Just want to check what, if any, controls there are to prevent this? Of course, i understand that one control would be to restrict IAM permissions on the project or at org-level to prevent changes being made since then only the terraform service account could make changes but i want to understand if there are any other controls.

Questioner
ellefc
Viewed
108
norbjd 2020-02-01 04:35

Nothing will stop a user to create/update/delete a resource manually (by manually I mean here : via Console or Cloud shell) if he has the IAM permissions to do so.

In the case of a manual resource update : if the resource is managed by Terraform, running terraform plan will alert you that a modification has been made.
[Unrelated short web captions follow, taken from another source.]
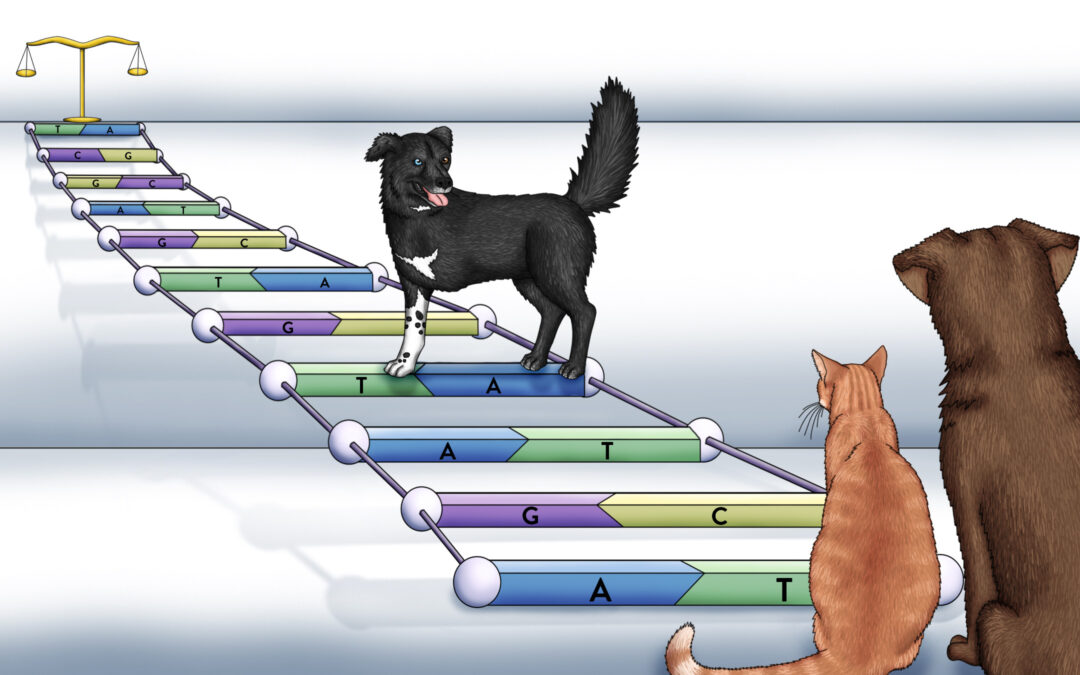 Cracking the Case With Pet DNA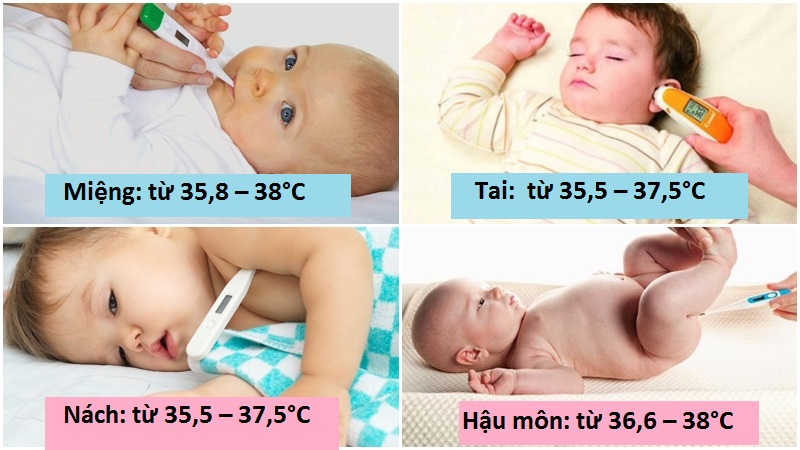 XỬ TRÍ CỤ THỂ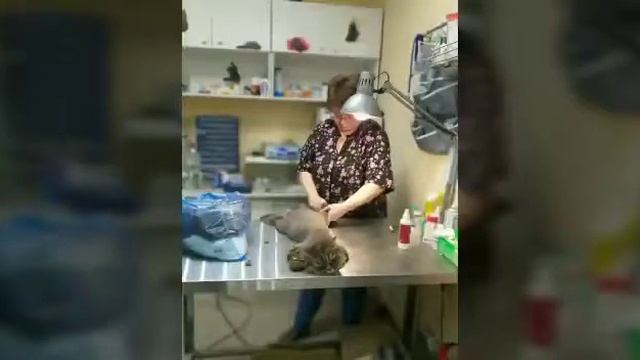 Стрижка кота Изи Задонского. смотреть онлайн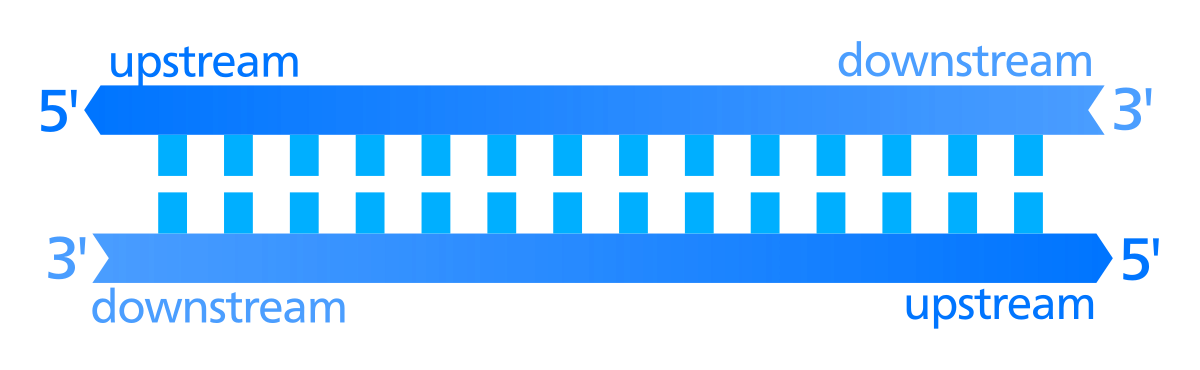 File Upstream And Downstream Svg Wikipedia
Indeed, Terraform will see a difference between the resource description in your .tf file and the reality. If you apply these changes, it will revert modifications made manually by the user.

Running periodic checks to verify if some modifications have been made out of Terraform (on resources managed by Terraform) could be a good idea to alert you that someone did something manually.
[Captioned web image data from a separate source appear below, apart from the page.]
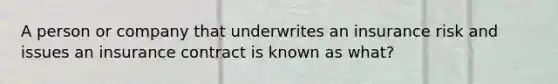 A person or company that underwrites an insurance risk and issues an insurance contract is known as what?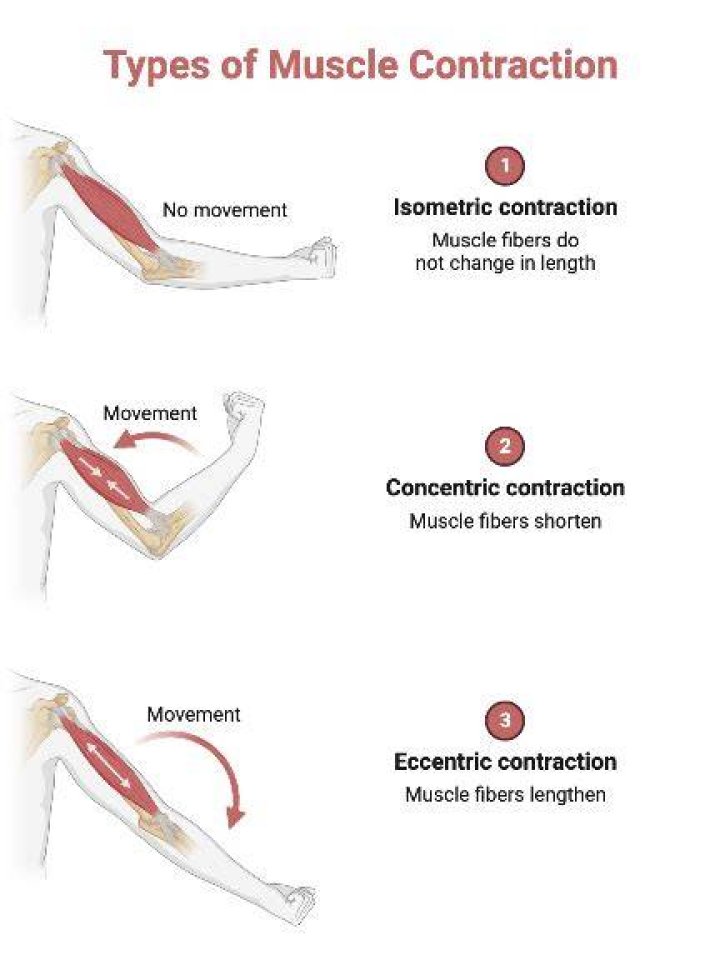 What are the different types of muscle contractions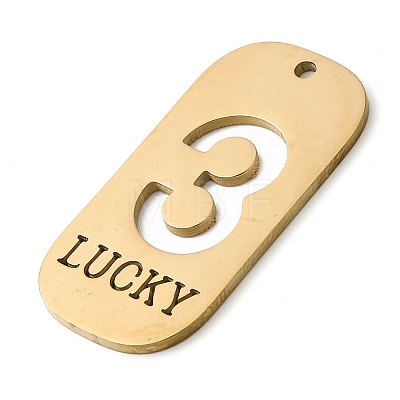 304 Stainless Steel Pendants STAS-D200-02D-G-1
But in case of newly created resources (out of Terraform), unless the resource is imported in Terraform after creation (terraform import), you'll never know that this resource have been created, and you could not track any modifications on that resource. The only way to prevent resource creation is by restricting IAM permissions. For example, if nobody (unless Terraform service account) have the permission storage.buckets.create, then nobody (excepted Terraform service account) will be able to create a bucket. The same applies to resources update.
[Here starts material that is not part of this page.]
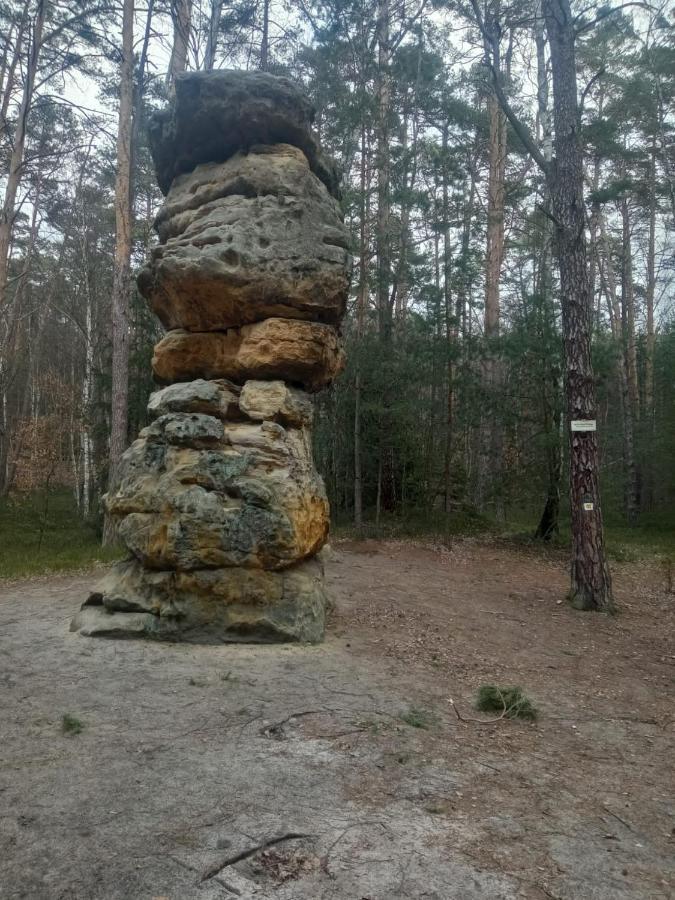 Chata U Certovych Hlav Villa Zelizy Buitenkant foto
If you want all your resources to be managed by Terraform, remove the create/update IAM permissions to all users except Terraform service account. But be aware that :

  • you can't create/update all GCP resources with Terraform. Even if Terraform providers grows fast, there will always be some delay between a new GCP product and its implementation in Terraform GCP provider. Some time ago, I remember myself waiting for Cloud Composer resource in Terraform, which appears in 1.18.0 version on 2018/09/17, though Cloud Composer was available since the 2018/05/01. If I have chosen to create resources with only Terraform, then I should have wait 4 months before starting to use Cloud Composer (this is an example amongst other)
  • you may sometimes want to create resources outside of Terraform, for testing purpose for example. If Terraform is enforced to create/update all resources across your organization, this will not be possible. Think about non-technical users who want to create temporarily some resources to make some tests : they probably won't learn how to use Terraform, so they'll either give up or ask someone to create resources for them. As your number of users increase, this should become cumbersome
  • reasoning by the absurd : do you want to manage all resources available using Terraform? If so, then you may want to manage also Storage objects with Terraform, because there is a Terraform resource google_storage_bucket_object. Except some very specific cases, you don't want to manage these kind of resources with Terraform (in Storage objects case, think of huge files)

In conclusion, managing all your resources across your organization using Terraform and restrict only Terraform service account to create/update/delete resources is definitively a goal to aim for, and should be done as much as you can, but in reality, it is not always completely possible. Critical resources must be protected, and so IAM for updating/deleting them must be restricted. Also, owner role is not the only one that allows creating/updating/deleting resources. You will have to be very careful about roles you give to your users to ensure that they won't have such permission, and will probably rely on custom roles because predefined roles are often too broad.